The grizzly bears that reside in the American Rocky Mountains are not as large as Canadian or Alaskan sub-species. This is due, in part, to the richness of their diet which in Yellowstone consists of whitebark pine pine nuts, roots, tubers, grasses, various rodents, army cutworm moths and scavenged carcasses, none of which match the fat content of the salmon available in Alaska and British Columbia. During early spring, as the bears emerge from their dens, elk and bison calves are actively sought. The bear moves in a zig-zag pattern, nose to the ground, hoping to find unsuspecting animals to feed on.

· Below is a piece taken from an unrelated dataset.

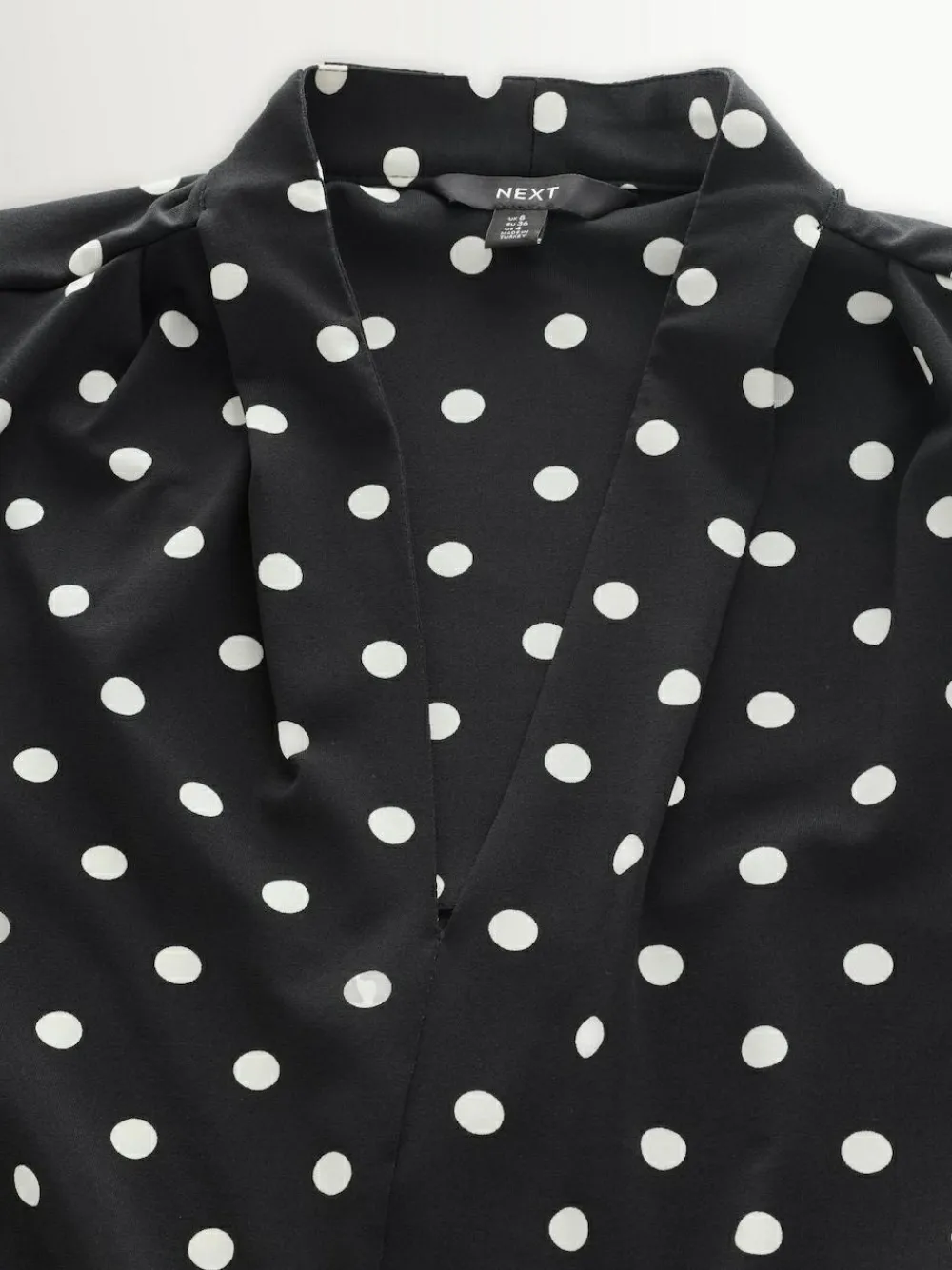Next Long Sleeve V-Neck Blouse^Women Blouses & Shirts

In preparation for winter, bears gain hundreds of kilograms of fat, during a period of hyperphagia, before going into a state of false hibernation. The bear often waits for a substantial snowstorm before it enters its den, such behaviour lessening the chances that predators will be able to locate the den. The dens themselves are typically located at elevations above 6,000 feet on northern-facing slopes. There is some debate amongst professionals as to whether grizzly bears technically hibernate. Much of the debate revolves around body temperature and the ability of the bears to move around during hibernation on occasion. Grizzly bears have the ability to "partially" recycle their body wastes during this period. In some areas where food is plentiful year round, grizzly bears skip hibernation altogether.
Range:
The current range of the grizzly bear extends from Alaska, south through much of western Canada, and into portions of the northwestern United States including Idaho, Montana, Washington and Wyoming, extending as far south as Yellowstone and Grand Teton National Parks, but is most commonly found in Canada. There may still be a small population in Colorado in the southern San Juan Mountains. In September 2007 a hunter produced evidence of grizzly rehabilitation in the Selway-Bitterroot ecosystem by killing a male grizzly. Its original range also included much of the Great Plains and the southwestern states, but it has been extirpated in most of those areas. The grizzly currently enjoys legal protection in the United States, Canada, Mexico, and European countries. However, it is expected that its re-population of its former range will be a slow process, due equally to the ramifications of reintroducing such a large animal to areas which are prized for agriculture and livestock and also to the bear's slow reproductive habits (bears invest a good deal of time in raising young). There are currently about 60,000 wild grizzly bears located throughout North America. These bears weigh from 100 to 1200 pounds.
Social Structure - Mating
When it’s springtime in the Rockies, grizzly bears begin their mating rituals. The whole mating process starts in mid-May to mid-June. From afar, scientists have watched grizzly bear courtship and copulation in the wild. They believe that in springtime, females leave scent trails for wandering males to follow. Such trails may be the key to finding a female bear in areas where grizzly populations are at very low densities. Such is the case in the Central Rockies Ecosystem where there is only 1 bear for every 50 to 100 sq. km. When a male finds a female, the process of getting to know one another begins. At any other time of the year, grizzly bears are solitary creatures that will avoid close encounters with other bears, especially large adult males. During mating season, however, solitary bears let down their guard a little although not for long.
Not surprisingly, male and female grizzly bears usually spend at least a few days testing one another before mating occurs. This type of interaction is important when getting to know an animal that is strong enough to injure or even kill you. The two bears may chase each other, play fight or even nuzzle and lick each other once they are aquainted. The outcome of this process may be rejection or the formation of a pair bond that lasts from several days to a couple of weeks.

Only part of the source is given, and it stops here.